Korah ve etrafı ona karşı ayaklandığında Datan ve Aviram’ı yanına çağırmak yerine bizzat kendisi Datan ve Aviram’ın hatta Korah’ın yanına gider ve onları isyandan vazgeçirmeye çalışır.
Tarihimizde gerçekten çok alçakgönüllü davranan bilgeler olmuştur. Hepsi de bilgilerinin ve değerlerinin farkında olmuşlardır. Yirminci yüzyılın en büyük Tora otoritelerinden biri olan Rabi Moşe Feinstein hem bilgi hem de alçakgönüllülük konusunda gerçek bir örnektir. Bir keresinde kendisine Siyam ikizlerinin alahik olarak ayrılması ile ilgili bir soru sorulur. Rabi olayı bütün detayları ile inceler. Medikal anlamda önemli kişilerle istişarede bulunur. Daha sonra Amerika’nın en büyük operatörü ile bir araya gelir ve fikir alış verişinde bulunur. Doktor daha sonra yaptığı açıklamada bilgi ve alçakgönüllülük konusunda Rabi’nin gerçek bir deha olduğunu vurgular. Bir başka tıbbı olayda inanılmaz bir bilgelik sergileyen Rabi’ye belki de Maşiah’ın günlerinde Sanhedrin’in bir üyesi olabileceğini bile söylerler. Elbette ki Rabi Feinstein de bütün bunların farkındadır. Ancak bu farkındalık onun alçakgönüllülüğüne halel getirmez.
Rabi Eli Mansour’a göre gerçek alçakgönüllülük kendi potansiyelinin farkında olmak ve buna göre davranmaktır. Kişi başarılı olunca bununla haklı bir onur duyar ancak boş bir gurura kapılmaz. Onun amacı bu yeteneklerini daha da iyiye taşıyabilmektir.

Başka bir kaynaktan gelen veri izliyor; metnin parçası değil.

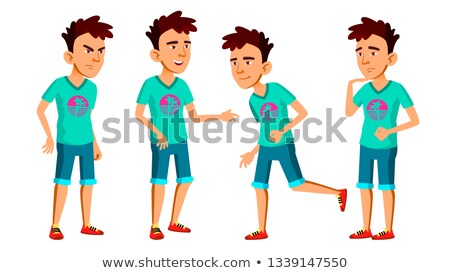 Stock photo: Asian Teen Boy Poses Set Vector Fun Cheerful For Web Poster Booklet Design Isolated Cartoon Il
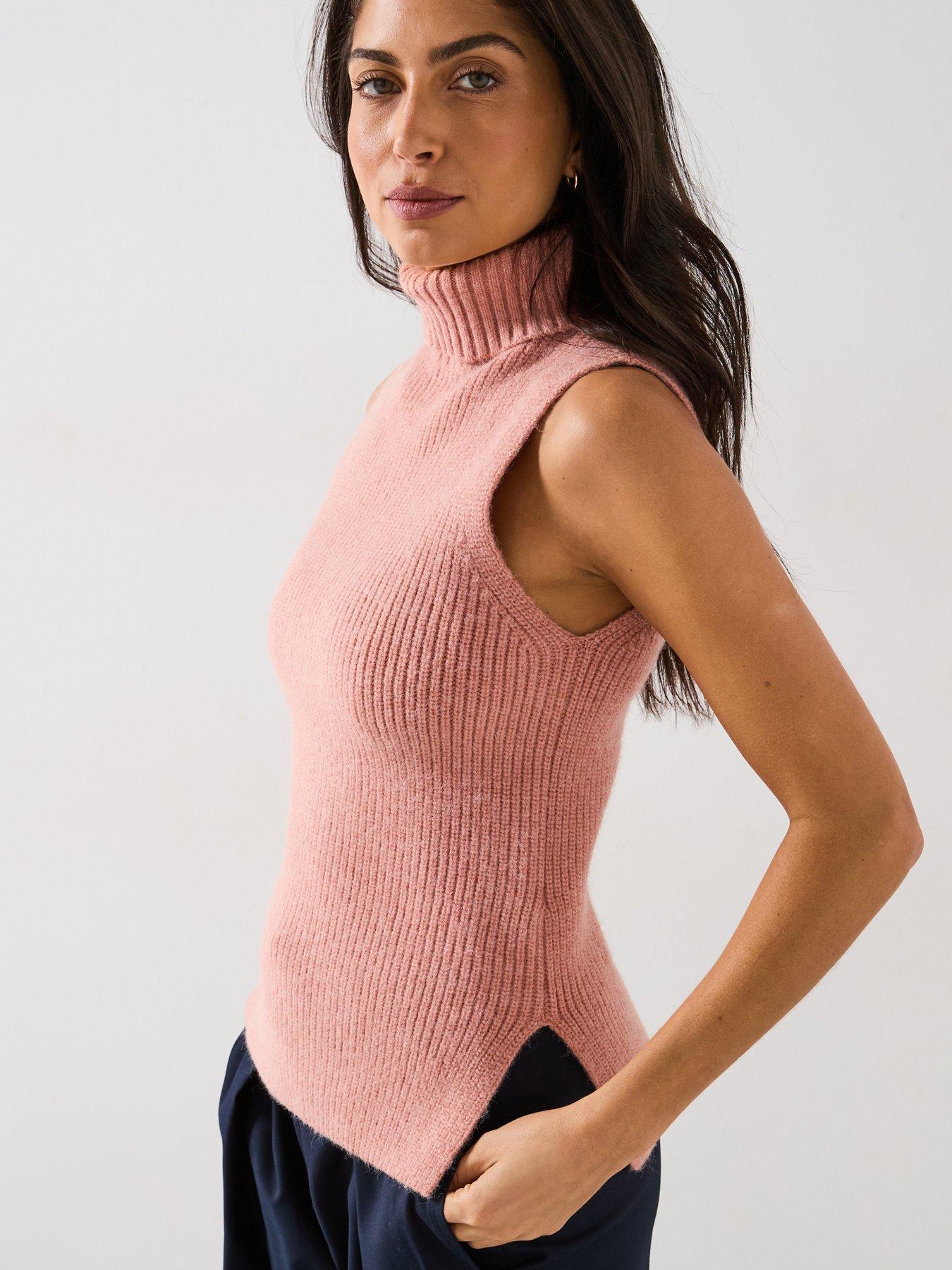 Image 4 of 6 of V by Very Knitted Roll Neck Tank Top - Pink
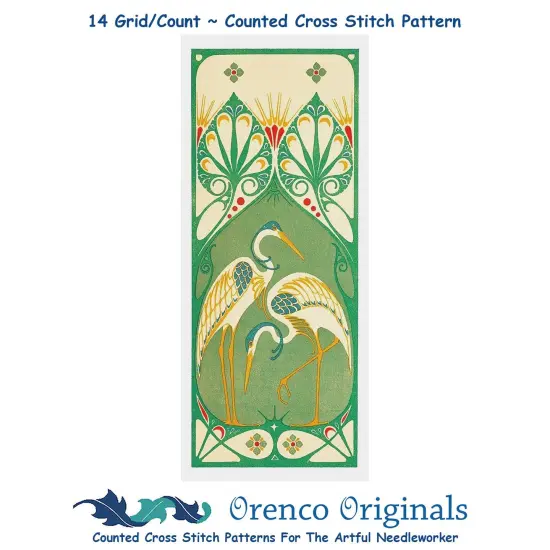 Art Nouveau Two Cranes Bird Design Counted Cross Stitch Pattern {1}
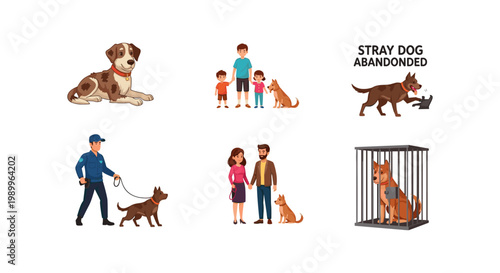 abandoned dog concept with people and pets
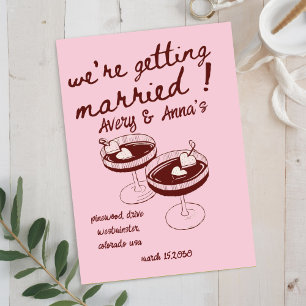 Red pink Hand Draw Wedding Whimsical invitation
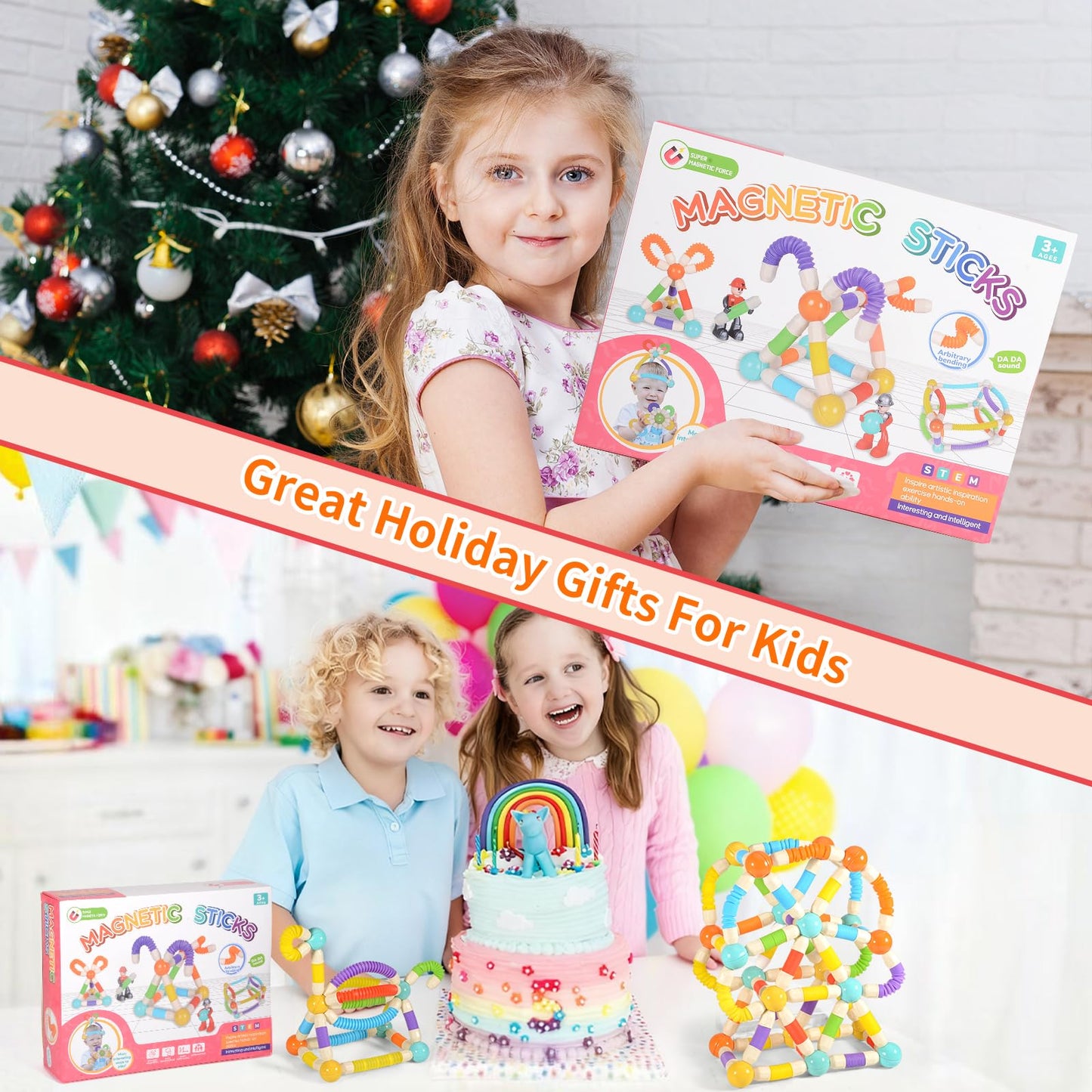 58PCS Extendable Magnetic Building Sticks, STEM Educational Montessori Toys for Toddlers 3-5 - Magnet Blocks for Child age 4-7, Sensory Balls and Rods set for Kids Holiday Birthday Gift for Boys Girls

Burada almamız gereken çok önemli bir ders vardır. Hepimizin belli bir potansiyeli, yetenekleri, başarıları ve ulaştığı noktalar vardır. İnsan olarak bu başarıların bilincinde olmak gerekir. Önemli olan potansiyelimizi daha da iyi bir hale getirerek çok daha büyük başarılara imza atabilmektir. İşte insanın alçakgönüllü olması bunun da ayrımına varabilmekte yatar. Divre Ayamim 1 29/11’de yer alan bir pasuk bizlere David’in bu olayı nasıl anladığını çok güzel anlatmaktadır: “Tanrı’m büyüklük, güç, yücelik, zafer ve görkem Sen’indir. Gökte ve yerde olan her şey Sen’indir. Egemenlik Sen’indir ey Tanrı’m. Sen her şeyden yücesin. Zenginlik ve onur Sen’den gelir. Her şeye egemensin. Güç ve yetki Sen’in elindedir. Birini yükseltmek ve yüceltmek Sen’in elindedir. Şimdi ey Tanrı’m Sana şükrederiz. Görkemli adını överiz.”